Côté méditerranéen, les meilleures opportunités se trouvent en Occitanie (ex-Languedoc-Roussillon). À Argelès-sur-Mer, une petite surface de 37 m2 dans une résidence avec piscine s’est récemment échangée à 85 000 euros, par exemple. Ailleurs, les prix restent franchement élevés
 et sont concurrencés par l’Espagne et le Portugal.

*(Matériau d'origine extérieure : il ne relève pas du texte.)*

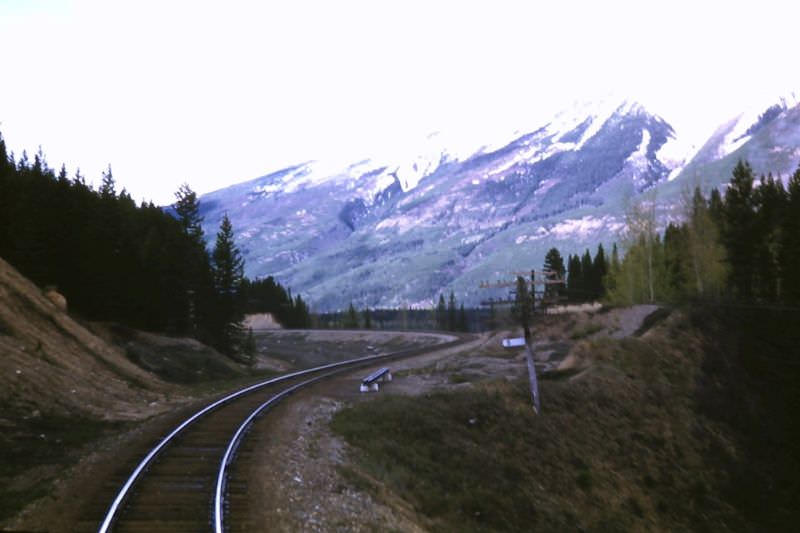 Field. CPR line along Kicking Horse River, 1947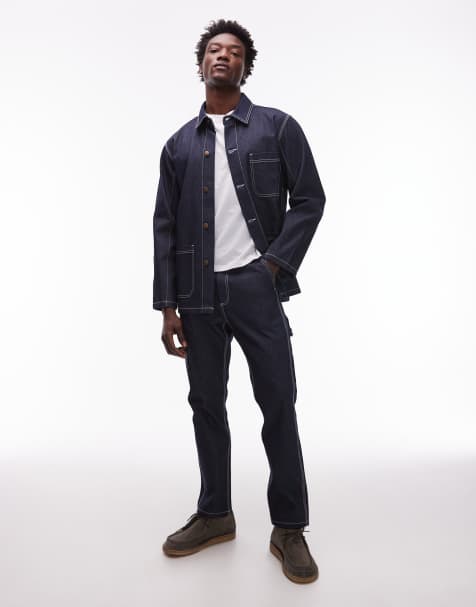 CAT WWR regular fit denim carpenter jeans with contrast stitching in dark wash blue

À Rosas, sur la Costa Brava, un appartement avec deux chambres, balcon 
et vue sur la mer vient d’être cédé pour
 160 000 euros. Au sud du Portugal, « dans les stations de l’Algarve, des maisons neuves de 160 m2 avec piscine se négocient autour de 340 000 euros », note Cécile Gonçalves, directrice de l’agence Maison au Portugal. De tels biens s’évalueraient à 600 000 euros, voire 800 000, sur la Côte d’Azur. À ces prix alléchants s’ajoutent un coût de la vie moins élevé qu’en France et une fiscalité attractive au Portugal. Les retraites étrangères du secteur privé y sont exonérées d’impôt dix ans durant. Mais si vous envisagez l’achat dans l’un de ces pays, pensez aux frais de transport, forcément plus élevés, et aux systèmes de santé moins performants que dans l’Hexagone.

En montagne, pour des petites surfaces

En Savoie et Haute-Savoie, les prix s’envolent dans certaines grandes stations comme Méribel, Tignes, Val Thorens, Megève et Chamonix. Pour rester raisonnable, de petites surfaces à rénover se négocient autour de 3 000 euros le m2 à La Plagne ou aux Arcs. 
En moyenne montagne, sans garantie d’enneigement, les prix sont plus accessibles.
 À Villard-de-Lans (38), un studio de 24 m2 au pied des pistes s’est récemment négocié à
 68 000 euros. Des tarifs possibles aussi à Risoul et aux Orres (Hautes-Alpes), aux Rousses (Jura) ou à Cauterets (Hautes-Pyrénées). Un 3 pièces de 50 m2 s’y achète autour de 135 000 euros.